This chapter describes tuning information that you can use to improve I/O throughput and latency.
It is useful to place an application on the same node as its I/O resource. For graphics applications, for example, this can improve performance up to 30 percent.
For example, for an Altix UV system with the following devices:
# gfxtopology Serial number: UV-00000021 Partition number: 0 8 Blades 248 CPUs 283.70 Gb Memory Total 5 I/O Risers Blade Location NASID PCI Address X Server Display Device ---------------------------------------------------------------------- 0 r001i01b08 0 0000:05:00.0 - Matrox Pilot 4 r001i01b12 8 0001:02:01.0 - SGI Scalable Graphics Capture 6 r001i01b14 12 0003:07:00.0 Layout0.0 nVidia Quadro FX 5800 0003:08:00.0 Layout0.1 nVidia Quadro FX 5800 7 r001i01b15 14 0004:03:00.0 Layout0.2 nVidia Quadro FX 5800 |
% numactl -N 14 -m 14 /usr/bin/glxgears -display :0.2 |
This example assumes the X server was started with :0 == Layout0.
You could also use the dplace(1) command to place the application, see “dplace Command” in Chapter 5.
There can be latency spikes in response from a RAID and such a spikes can in effect slow down all of the RAIDs as one I/O completion waits for all of the striped pieces to complete.
These latency spikes impact on throughput may be to stall all the I/O or to delay a few I/Os while others continue. It depends on how the I/O is striped across the devices. If the volumes are constructed as stripes to span all devices, and the I/Os are sized to be full stripes, the I/Os will stall, since every I/O has to touch every device. If the I/Os can be completed by touching a subset of the devices, then those that do not touch a high latency device can continue at full speed, while the stalled I/Os can complete and catch up later.
In large storage configurations, it is possible to lay out the volumes to maximize the opportunity for the I/Os to proceed in parallel, masking most of the effect of a few instances of high latency.

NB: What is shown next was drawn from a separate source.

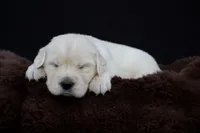 Tigger, a male Golden Retriever for sale in Holmesville, OH – 5 of 10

There are at least three classes of events that cause high latency I/O operations, as follows:
Transient disk delays - one disk pauses
Slow disks
Transient RAID controller delays
The first two events affect a single logical unit number (LUN). The third event affects all the LUNs on a controller. The first and third events appear to happen at random. The second event is repeatable.